I will hold my hands up and admit that I had been avoiding reading this book for a very long time. I had heard mixed reviews about Sally Rooney and after picking up her other most well-known book Conversations with Friends in Waterstones, I put it down 20 pages later as I simply didn’t enjoy her writing style. But after attaining this book in a book swap that I was doing with my friend, I knew that it was time to bite the bullet. And so I began.
Normal People by Sally Rooney is what you would call your typical book club read. It’s highly emotive, and a good conversation starter. Longlisted for the Man Book Prize and the Women’s Prize for Fiction, it eventually ended up winning the Waterstones Book of the Year in 2018. For me, the jury is still out on whether or not I like it.

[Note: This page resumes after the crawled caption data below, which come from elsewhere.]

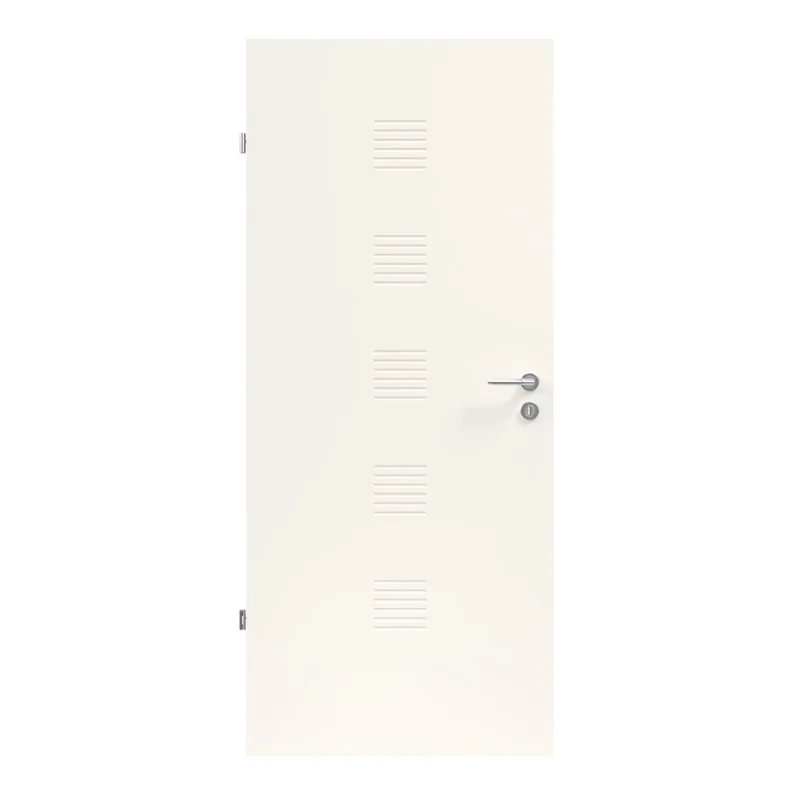 deinetuer-1247305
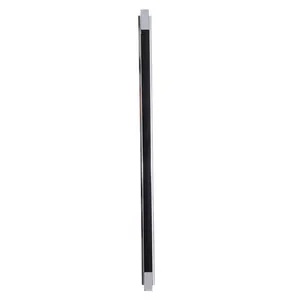 دستگیره کابینت مدل 07 کد 270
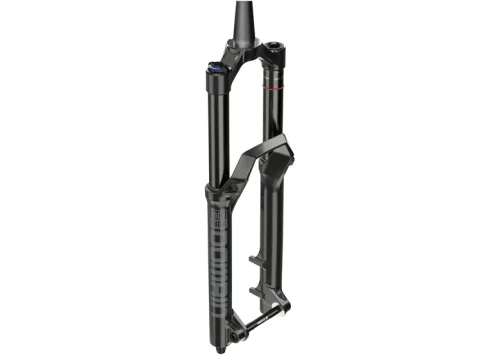 rock-shox-domain-r-2-205765-f-sk7-w780-h554_1.webp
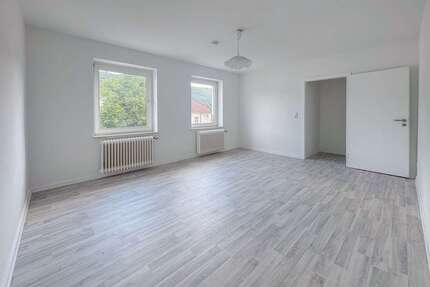 Wohnung zum Mieten in Hagen 560,00 € 65 m²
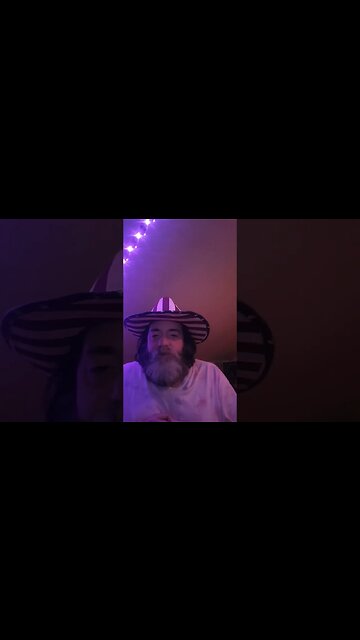 new rant video uploaded links in the description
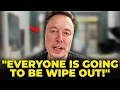 Download Lagu Elon Musk's New BRUTALLY Honest UK Speech Leaves Everyone STUNNED! (Supercut)
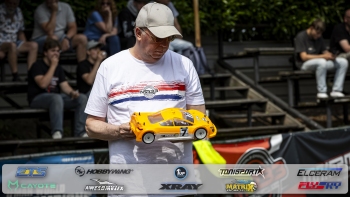 ETS-Round-1-19-Apeldoorn-NL-Sunday-Part-2-261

Though I don’t usually use rating systems on my blog for books, I feel like there is no other way to explain what I thought of this without using a numerical value; 7/10. Admittedly, like everyone else, I found this book impossible to put down. The constant battle between the two main characters made for a riveting piece – one that I finished in about 4 hours. The ending wasn’t predictable, but it was somewhat disappointing. After the emotional rollercoaster that Rooney takes you on, I was expecting to find out what happened between the characters. Instead, it’s vague and unsatisfying. I will admit to getting emotionally invested with the main characters Connell and Marianne, but their constant back and forth got quite frustrating.
Without giving away spoilers, the book is about a topic that I think everyone can either relate to having lived or have experience through similar situations through friends and family. Boy and girl fall in love, and then because of extenuating circumstances, they cannot ride off into the sunset before first experiencing a whole hoard of problems. It’s an easy read as Rooney uses simple sentences and a plot that is straightforward and not convoluted.
Overall, I suggest reading Normal People if you’re looking for an easy read or just want to see what the fuss is all about. Usually, in most of my blog posts, I try and link the book to an external topic, to give it a bit more human relevance or pazazz. This book doesn’t need that, as it’s a book to enjoy reading rather than learn something from. However, a lesson to take from it is to simply pursue wholeheartedly the person you like. It might end in heartbreak, or it might end in love. You never know unless you try.